Challenges & Developments
Data availability is one of the biggest challenges for ML model training. Good data governance initiatives for CSPs have a strategic added value for the adoption of AI initiatives.
With a valid dataset, Data Scientists, with the help of subject matter experts (SMEs) in the industry specified, would develop and implement the appropriate model to solve the business problem in place, which will be later integrated by system developers for business decision making.
How can we distinguish the "appropriate model" and its characteristics? Start by defining a model; it is a mix of mathematical and statistical formulas defined by types and parameters. Data scientists define types, while parameters are learned from the data. A model becomes appropriate when solving a business problem using the right data and is implemented, given its complexity and availability.
Most of the used models fall under one of the following three types: supervised, unsupervised, and reinforcement learning. All types are designed to predict unseen events using seen/captured data. Thus, the second challenge of data scientists is to decide which model to use for each business problem.
Without zooming in into statistical and mathematical assumptions, supervised models learn and memorize the historical patterns and co-occurrence of the outcome (also called a label) and derive the optimal statistical function that links the outcome to patterns. Unsupervised is the approach of learning data variations and classifying patterns into a measurable space. For example, to develop a similar root cause of network failures, an unsupervised approach would help.
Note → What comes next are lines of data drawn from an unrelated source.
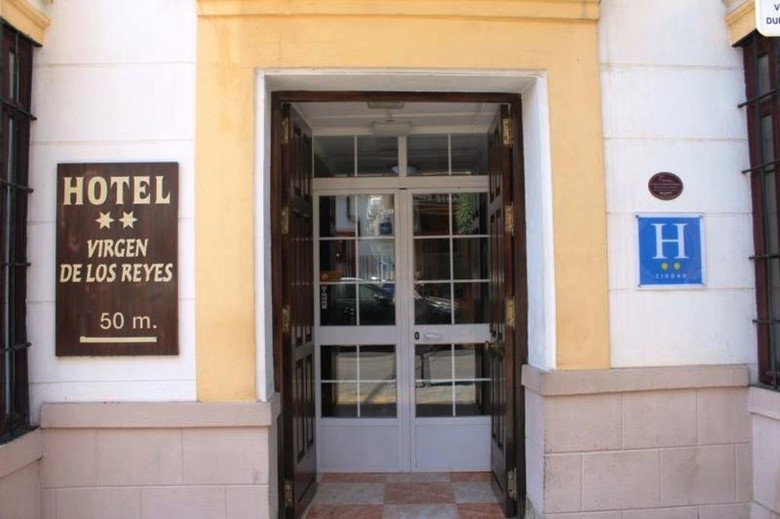 Hotel Virgen De Los Reyes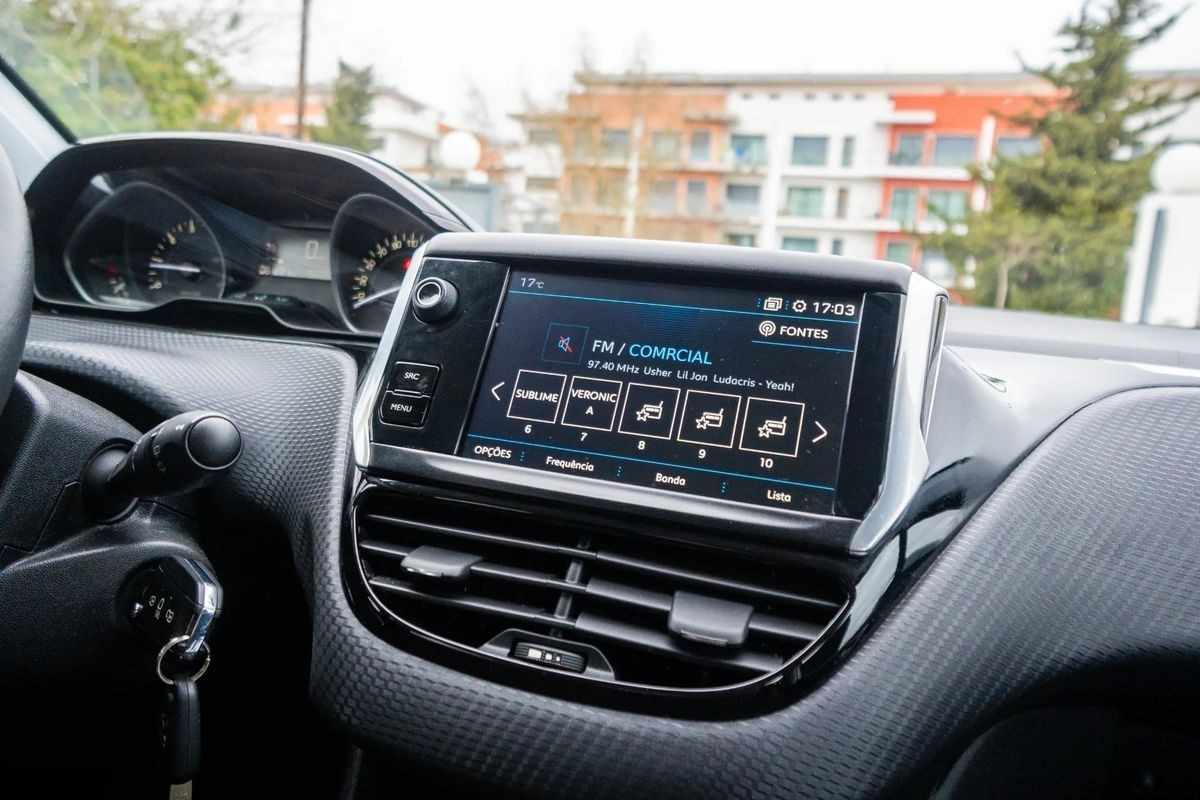 peugeot-2008-2018-gasolina-1199cc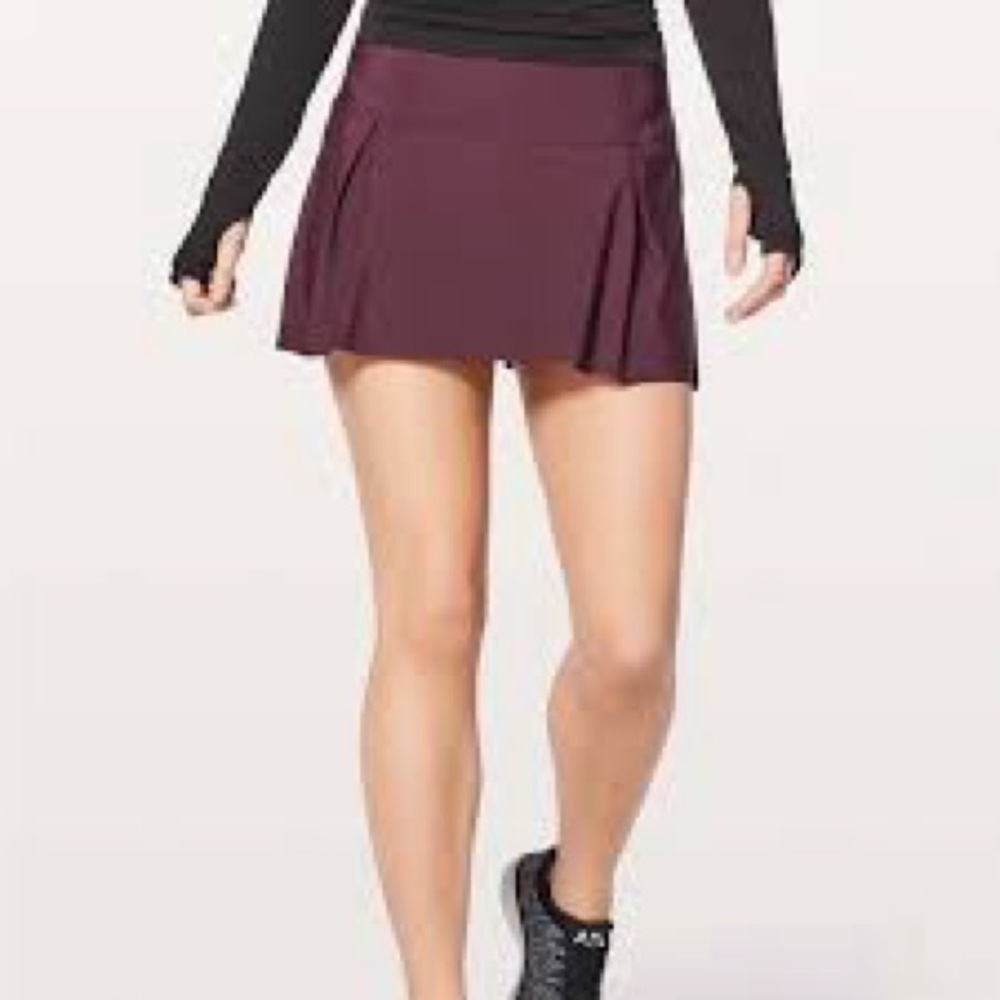 Lululemon Athletica Chocolate Mini Skirt - Picture 4 of 7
In contrast, a supervised approach is a way to learn the behavior of an outcome through patterns and variations of data captured, such as predicting the type of a network failure event based on what happened before that event. When it comes to reinforcement learning, which is an innovative approach in the data science space and heavily used in certain industries, including telecom, it consists of integrating a human in model tuning and adaptation following some changes in the data flow coming to the model. Theoretically, the human is called an "agent" with a specific gain and loss utility function and trying to direct the learning towards maximizing profit.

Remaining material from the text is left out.